Betty Sbragi v Helen Barac
[2014] NSWSC 404
•01 April 2014
Supreme Court
New South Wales
- Amendment notes
Medium Neutral Citation: Betty Sbragi v Helen Barac [2014] NSWSC 404 Hearing dates: 1 April 2014 Date of orders: 01 April 2014 Decision date: 01 April 2014 Jurisdiction: Equity Division Before: Young AJA Decision: Notice of motion dismissed. The plaintiff’s costs to be paid by the defendants on an indemnity basis.
Catchwords: CONVEYANCING - whether time of the essence - under terms of settlement defendant was to purchase plaintiffs’ interest in real property. Plaintiffs not to present any transfer earlier than eight weeks - whether defendant obliged to complete right on expiry of eight weeks
PRACTICE - proceedings settled - whether motion in proceedings competent to obtain damages for breach - Civil Procedure Act 2005 (NSW) s 73Legislation Cited: Conveyancing Act 1919 (NSW) s 13
Civil Procedure Act 2005 (NSW) s 73Cases Cited: Hexiva Pty Ltd v Lederer (No. 2) Category: Procedural and other rulings Parties: Betty Sbragi (plaintiff)
Helen Barac (first defendant)
Sylvia Mason (second defendant)Representation: Counsel:
Solicitors:
E.H.J. Hyde with S. Kanagaratnam (plaintiff)

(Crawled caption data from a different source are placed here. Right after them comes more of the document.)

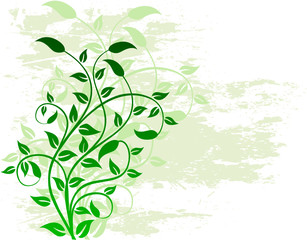 初夏のイメージ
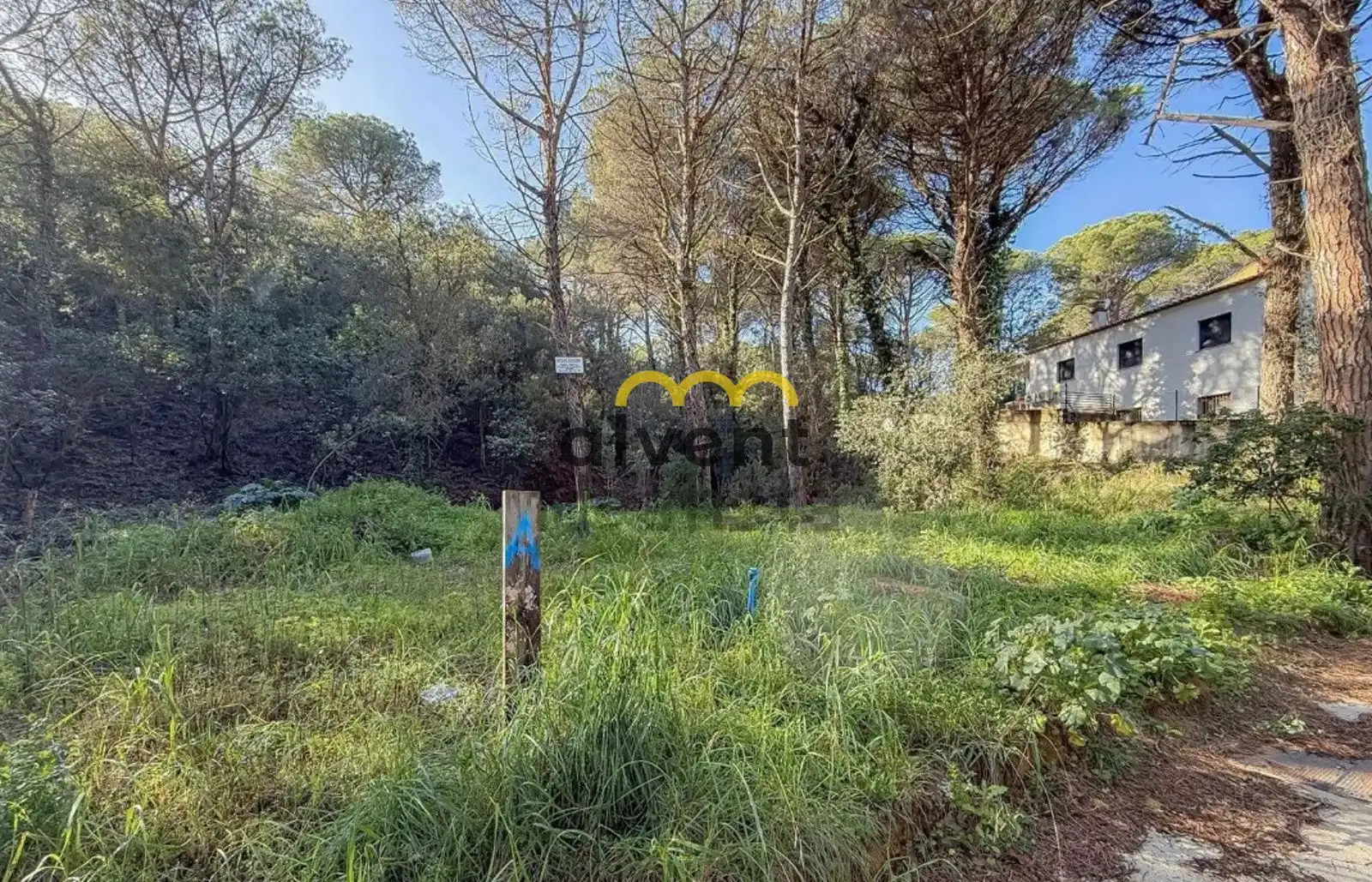 Rural land for sale in Manxa, imagen 16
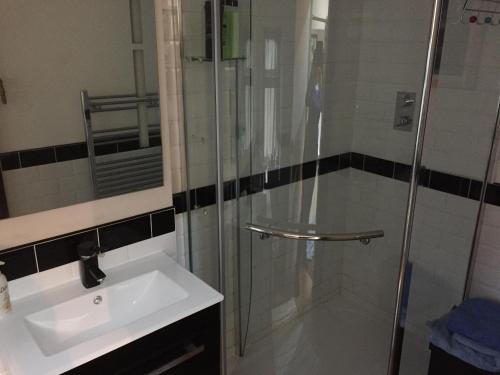 a bathroom with a sink and a glass shower at Winwood Apartment in Holmfirth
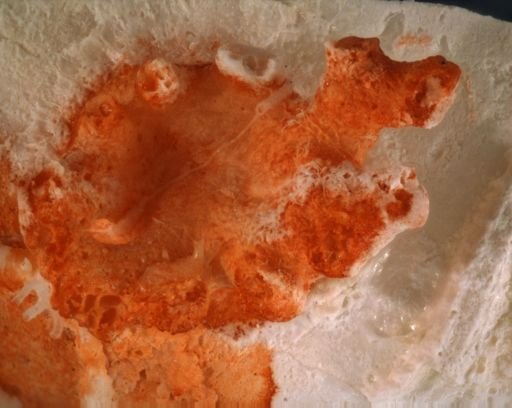 Aetea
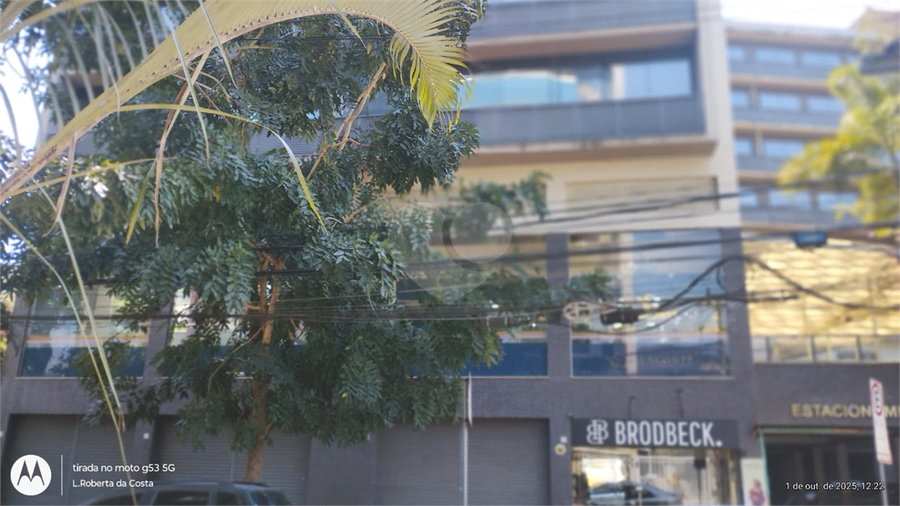 Foto REO1132165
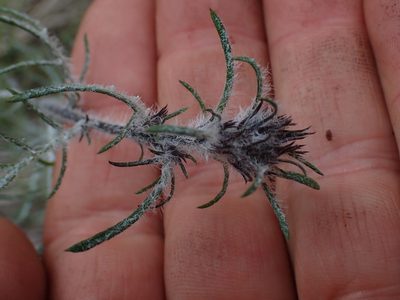 Ipomopsis aggregata, photographed by Shane Johnson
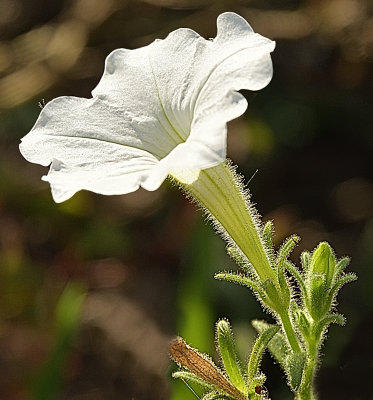 White Cloud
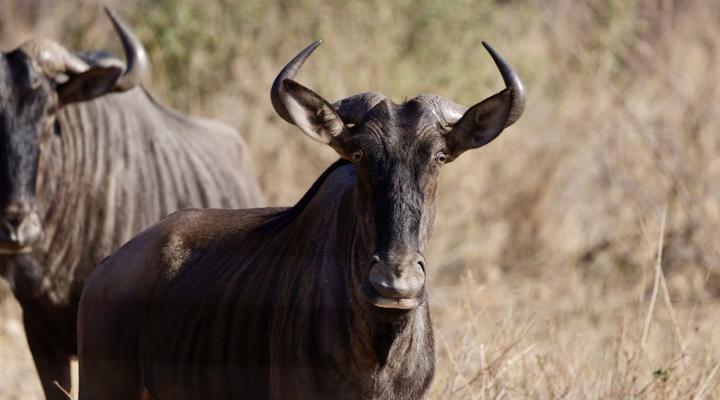 Thornhill Eco Lodge - Be at one with nature.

D. Moujalli (for the defendants)
Trinity Law (plaintiff)
Baker Deane & Nutt (for the defendants)
File Number(s): 2013/91584 Publication restriction: None
Judgment
-
The plaintiff commenced these proceedings under s 66G of The Conveyancing Act 1919 (NSW) for sale of co-owned property.
-
That case did not come on for hearing because there was a mediation. The outcome of the mediation was that the parties entered into a Deed of Settlement. That Deed dated 4 September 2013 is in evidence before me.
-
Essentially, the Deed provided that the plaintiff would buy out the other co-owners’ interests in the subject property for $645,000.
-
The Deed contained, amongst others, the following clauses, 2.2 requiring a deposit of 5% which was paid.
-
Clauses 2.4 and 2.6 I should set out in full:
2.4 upon presentation of a signed transfer and the Certificate of Title the plaintiff will provide bank cheques for the balance of the settlement sum made payable to the defendants or their nominees in equal proportions to their ownership of the property.
2.6 the defendants must not present the signed transfer any earlier than eight weeks from the date of this Deed".
-
The other provisions in the Deed which are relevant to the present problem are 7.4 noting correspondence sent by post was taken to have been received three days after posting.
8.7 the warranties, undertakings and indemnities in this Deed do not merge on completion and instead survive until performed in full.
8.8 the parties must do all things necessary and ancillary to give effect to this Deed, including signing such documents and forms as required by law.
8.9 this Deed constitutes the entire agreement of the parties about its subject matter and supersedes all previous agreements, understandings and negotiations on that subject matter.
8.12 this Deed is governed by the law in force in the Australian Capital Territory and each party submits to the exclusive jurisdiction of the Courts of that place.
-
I should have also set out 2.10:
Subject to the completion of the sale:
(1) the parties consent to the proceedings being dismissed with no orders as to costs.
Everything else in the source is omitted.